Assim, quando defendemos o combate ao trabalho escravo, estamos fazendo proposição afirmativa ao princípio fundamental da liberdade, este que por fim se atrela ao pressuposto final da dignidade da pessoa humana; quando evidenciamos o direito a não discriminação no ambiente de trabalho, estamos refletindo o ideário do direito fundamental da igualdade, que é mais um corolário do pressuposto maior da dignidade do homem.
Os direitos fundamentais são, por conseguinte, cláusulas universais abertas que permeiam em todas em relações, seja entre o poder público e o indivíduo, tanto quanto entre os particulares. Preenchem, assim, espaços existentes entre as legislações e os fatos que a elas podem ser submetidos, colocando entre estas relações um valor maior.
Daí porque, tendo os direitos fundamentais uma textura aberta e entrelaçada ao princípio da dignidade da pessoa humana, é possível corroborar sua aplicabilidade imediata em relação ao Estado e aos particulares.
Conclusão e Mecanismos de Proteção ao Trabalho em Tempos de Crise
Como já depreendi anteriormente, o mercado de trabalho e as políticas públicas sociais dos países do ocidente têm seguido os mesmos vetores do mercado econômico. E que, em tempos de crises econômicas globais, ambos se voltam contra as proteções sociais dos trabalhadores como forma principal (logicamente, dentre outras que não possuem pertinência temática com a presente palestra) para um ajuste financeiro.
Paradoxalmente, entendo que o contrário é o melhor caminho para o fortalecimento tanto da economia governamental quanto das finanças do ente empresarial.

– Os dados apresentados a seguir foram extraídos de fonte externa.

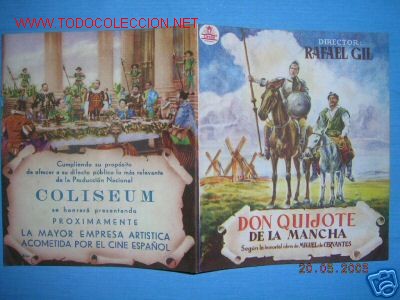 Cine: DON QUIJOTE DE LA MANCHA. PROGRAMA DE MANO. CINE - Foto 1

Acredito firmemente que: se o trabalhador tiver maiores condições de vida e de renda, vai consumir mais junto ao comércio e junto ao setor de prestação de serviços, que vai demandar mais encomendas à indústria, e esta última, sofrerá um aumento de demanda que vai propiciar lucro ao “mercado” de capitais que nela investe.
Mas, relembrando outro problema também já posto em foco nesta, é que por traz de tudo atua um sujeito quase incorpóreo, atualmente denominado “mercado”. Este no meu sentir possui exclusivo compromisso com a rentabilidade. É volátil, inconstante, e, como muitos especialistas de economia costumam classificar: “volúvel”.
Em decorrência desta instabilidade desencadeada pelos “mercados” de capitais, muitas vezes grandes coorporações vêem-se em curtos momentos sem o capital necessário para empreender, porque este migrou ao toque de um botão para outro ponto do planeta. Por conseqüência, vêem-se sem condições cumprir sua função social.
Acredito que políticas governamentais do ocidente devem ser repensadas, de modo a estender ao capital investido no mercado de valores o conceito de função social da propriedade. Isto, através mecanismos legislativos para que os investimentos migrados para os mercados de ações se submetam a regras de comprometimento com o mercado trabalho que se estabelece em torno da empresa recebedora deste investimento.